You’ve got questions, I’ve got data. Cities are changing and everyone wants to know the impact. What follows is a constantly updating FAQ that helps to answer the big questions in housing economics and urbanism.
How do new market-rate apartments affect rental prices?
When new market-rate housing gets built, what happens to everyone’s rents around the build? There are two theorized effects:
- The supply effect – New buildings absorb demand, reducing pressure on rents.
- The amenity effect – New development will attract high-income households and new amenities, driving up rents.
Xiaodi Li (2019) found that when a new luxury apartment is built in NYC:
- nearby house prices fall
- nearby rents fall
- more restaurants opened up and
- low-rent units didn’t see rent hikes
Asquith, Mast, and Reed (2020) found that for 11 major cities when more high-income people move into the neighborhood after a building is completed, the increase is totally absorbed by the new building. The arrival rate to nearby units does not seem to change. Meanwhile, rents near a new building go down by about 5-7% relative to rents slightly further away or near the sites of future construction. This means that rents are lower than they would be, not that rents go down year-over-year.
For San Francisco, Kate Pennington (2021) found that new construction caused rents to fall by 2% for parcels within 100m of the building, which had the effect of reducing a renters' risk of displacement to a lower-income neighborhood by 17%. At the same time, affordable housing wasn’t found to affect rents, displacement, or gentrification. As Pennington explained it, “These findings suggest that increasing the supply of market rate housing has beneficial spillover effects for incumbent renters, reducing rents and displacement pressure while improving neighborhood quality.”
Phillips, Manville, and Lens (2021) provides a roundup of recent publications that discuss this topic.
Bratu, Harjunen, and Saarimaa (2023) studied the effects of new, centrally-located market-rate housing in the Helsinki Metropolitan Area to discover that the “supply of new market rate units triggers moving chains that quickly reach middle- and low-income neighborhoods and individuals. Thus, new market-rate construction loosens the housing market in middle- and low-income areas even in the short run. Market-rate supply is likely to improve affordability outside the sub-markets where new construction occurs and to benefit low-income people.”
How does AirBNB affect the prices of homes?
Chen, Wei, and Xie (2022) found that when AirBnb restricted landlords to only renting out a single home in NYC, San Francisco & Portland, it immediately dropped rents by \$422 a year for a median renter & home purchase cost by \$7,057.
Sophie Calder-Wang (2022) also found a price effect but went further to generate a welfare calculation.
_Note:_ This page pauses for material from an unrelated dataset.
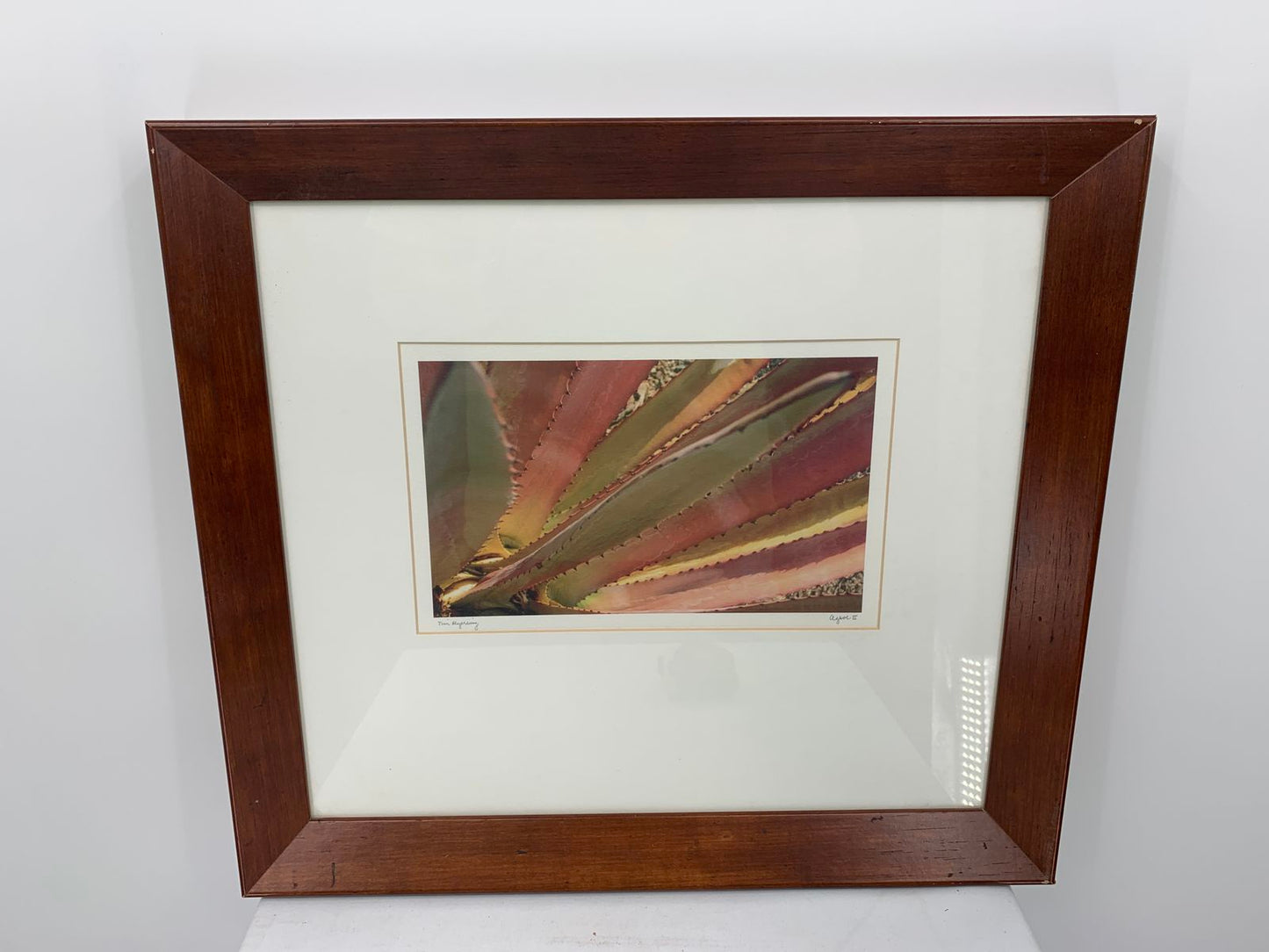 Tim Myerring Framed And Matted Artwork Photography "Agave II" Signed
In NYC, Airbnb led to “a total transfer of \$200M/year from renters to property owners, or \$2.7bn in NPV terms.” Bluntly, though, this transfer “reflects the regulatory conundrum caused by the severe housing supply restrictions in place.” At the same time, the “welfare impact of Airbnb remains positive because it also includes the economic gains accrued to all hosts, as well as the surpluses accrued to tourists.” From a housing perspective, the increased rent burden falls most heavily on high-income, educated, and white renters.
What is rent control?
Rent control is a broad term for laws that limit rental rates in a city or state. According to common definitions:
- In NYC specifically, rent control means that a home’s rent increases incrementally and it cannot exceed a “maximum base rent” that basically just covers the landlord’s cost for upkeep of the unit. When the tenant moves out, these apartments usually convert to rent stabilization. These units are rare at about 1% of rental units) because the current tenant must have been living in the same apartment since 1971.
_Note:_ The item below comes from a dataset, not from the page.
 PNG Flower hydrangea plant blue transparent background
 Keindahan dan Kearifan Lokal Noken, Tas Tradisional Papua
- Rent stabilization: This program applies to buildings constructed before 1974 that have six units or more, and covers about 44% of rental units. Rent stabilized tenants see a limited annual rent increase.
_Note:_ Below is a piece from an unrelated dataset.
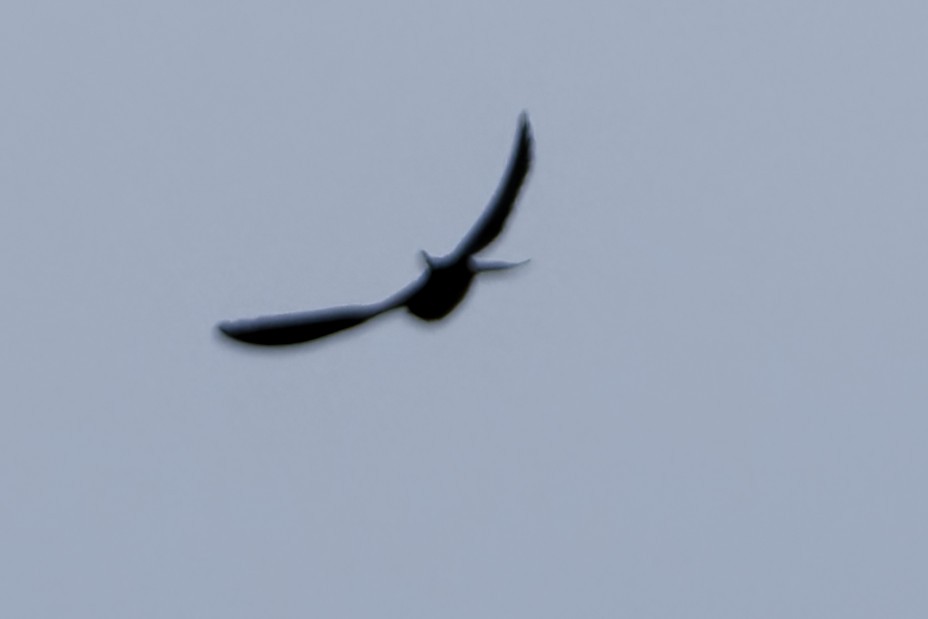 Rauchschwalbe - ML643539494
- Generally, they put a ceiling on the maximum rent that can be charged for a unit or the amount that the rent can be increased per year.
- Vacancy control or “true rent control”: In this scenario, when a tenant moves out, the landlord can only raise the rent to the limit set by a rent control board. The rent can only be raised by a limited amount each year.
- Vacancy decontrol: When a tenant moves out, the landlord can increase the rent up to whatever the market will bear. In some places, the new rent is capped at a certain percentage over the previous rent. When the new tenant is in place, he or she will only pay a limited increase per year.
What is the impact of rent control?
Ahern and Giacoletti (2022) found that the passage of rent control in St. Paul, Minnesota in 2021:
- Caused property values to fall by 6-7%, for an aggregate loss of \$1.6 billion.
- Benefited higher incomes tenants, who were more likely to be white, while the owners who lost the most had lower incomes and were more likely to be minorities.
For properties with high-income owners and low-income tenants, the transfer of wealth was close to zero. Thus, to the extent that rent control is intended to transfer wealth from high-income to low-income households, the realized impact of the law was the opposite of its intention.
Diamond McQuade, and Qian (2019) used a 1994 law change, we exploit quasi-experimental variation in the assignment of rent control in San Francisco to study its impacts on tenants and landlords. Leveraging new data tracking individuals' migration, we find rent control limits renters' mobility by 20 percent and lowers displacement from San Francisco. Landlords treated by rent control reduce rental housing supplies by 15 percent by selling to owner-occupants and redeveloping buildings. Thus, while rent control prevents displacement of incumbent renters in the short run, the lost rental housing supply likely drove up market rents in the long run, ultimately undermining the goals of the law.
What is the impact of vacancy control?
Vacancy control is generally found to keep the rates of rental increases low and people in their homes, but it doesn’t decrease overall price. It also reduces rental units and tend to increase the number of homes. See Heskin, Levine & Garrett (2007) for an analysis of four California cities or Diamond, McQuade, and Qian (2019) for an analysis of just San Francisco.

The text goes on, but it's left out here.